→ **Material for the task**

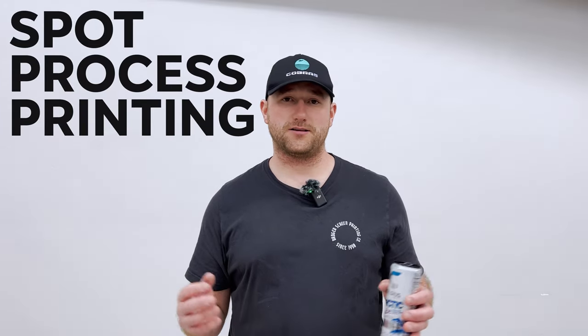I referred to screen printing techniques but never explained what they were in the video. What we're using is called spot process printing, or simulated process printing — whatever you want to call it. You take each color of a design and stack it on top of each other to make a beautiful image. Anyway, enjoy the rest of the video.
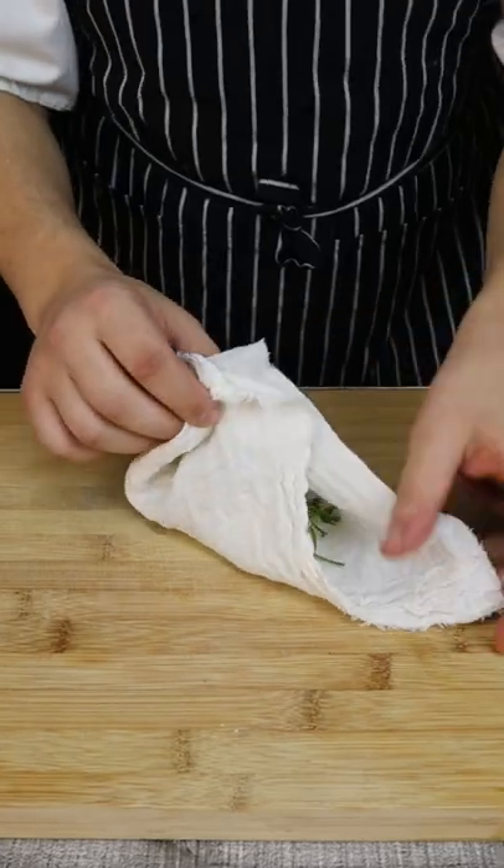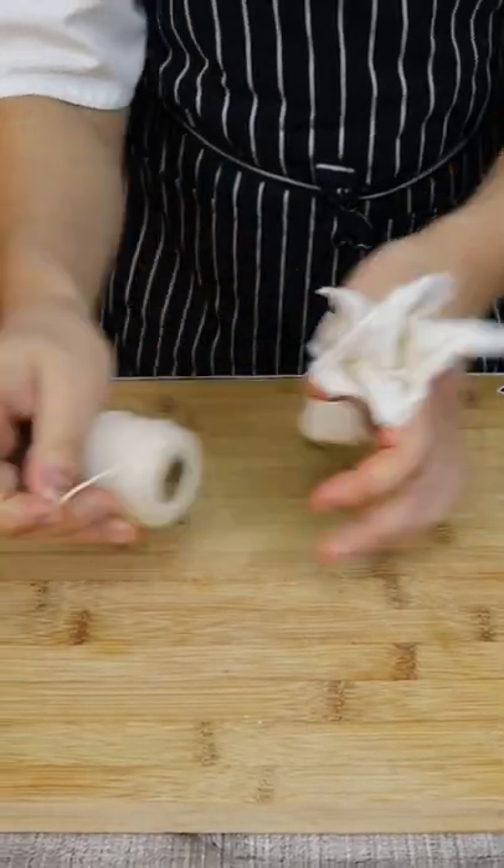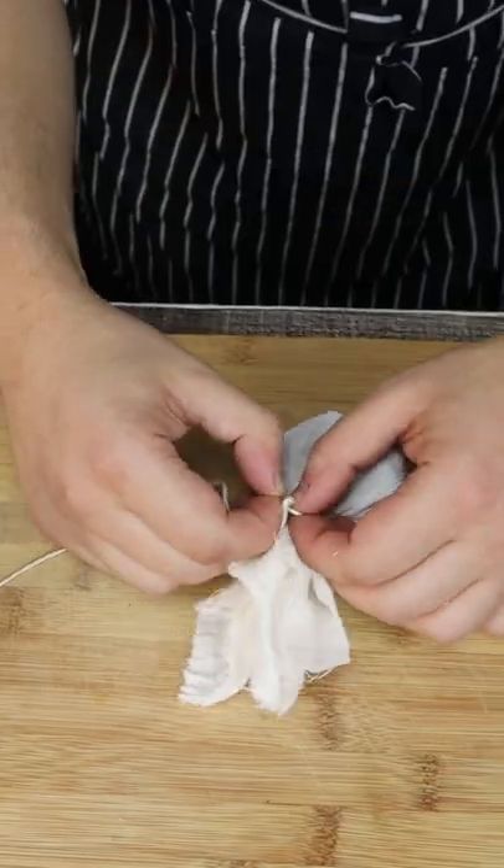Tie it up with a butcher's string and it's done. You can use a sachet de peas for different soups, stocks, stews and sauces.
* * *
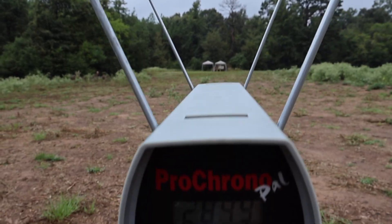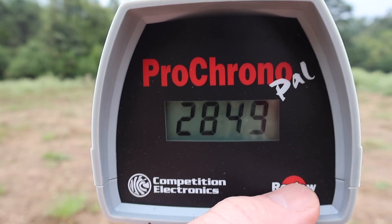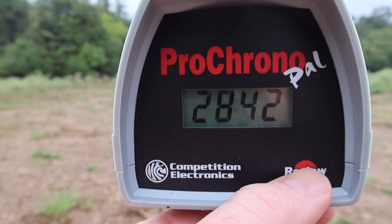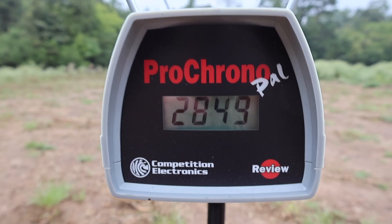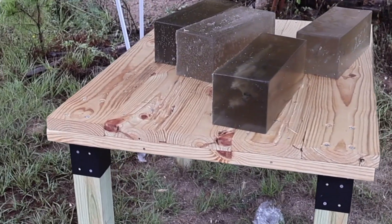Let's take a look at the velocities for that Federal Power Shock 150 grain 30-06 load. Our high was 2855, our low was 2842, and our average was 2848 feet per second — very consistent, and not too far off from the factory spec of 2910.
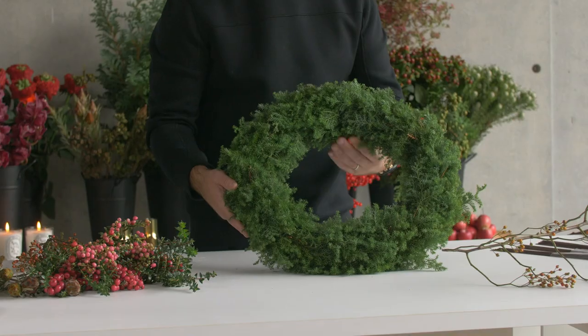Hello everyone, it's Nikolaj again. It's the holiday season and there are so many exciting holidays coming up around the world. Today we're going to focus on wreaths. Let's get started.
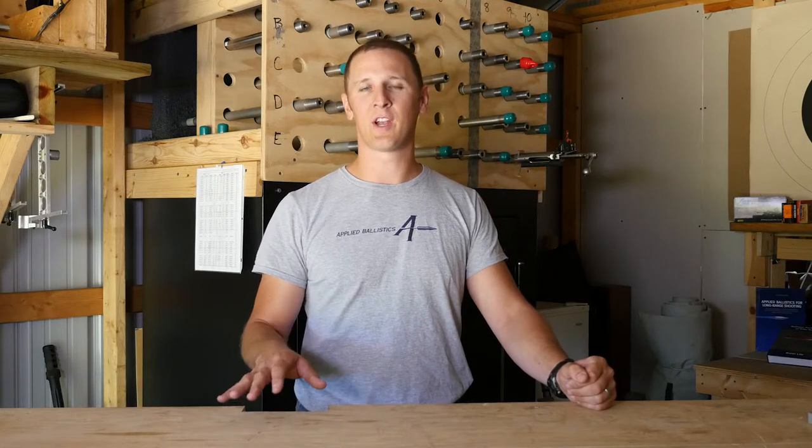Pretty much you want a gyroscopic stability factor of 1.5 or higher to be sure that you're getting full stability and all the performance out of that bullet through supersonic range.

→ **Assignment**
Above, find the line with "Hello everyone, it's"; copy it and every line down to the line with "Pretty much you", exactly and both included, but no pictures.

→ **Answer space**
Hello everyone, it's Nikolaj again. It's the holiday season and there are so many exciting holidays coming up around the world. Today we're going to focus on wreaths. Let's get started.
Pretty much you want a gyroscopic stability factor of 1.5 or higher to be sure that you're getting full stability and all the performance out of that bullet through supersonic range.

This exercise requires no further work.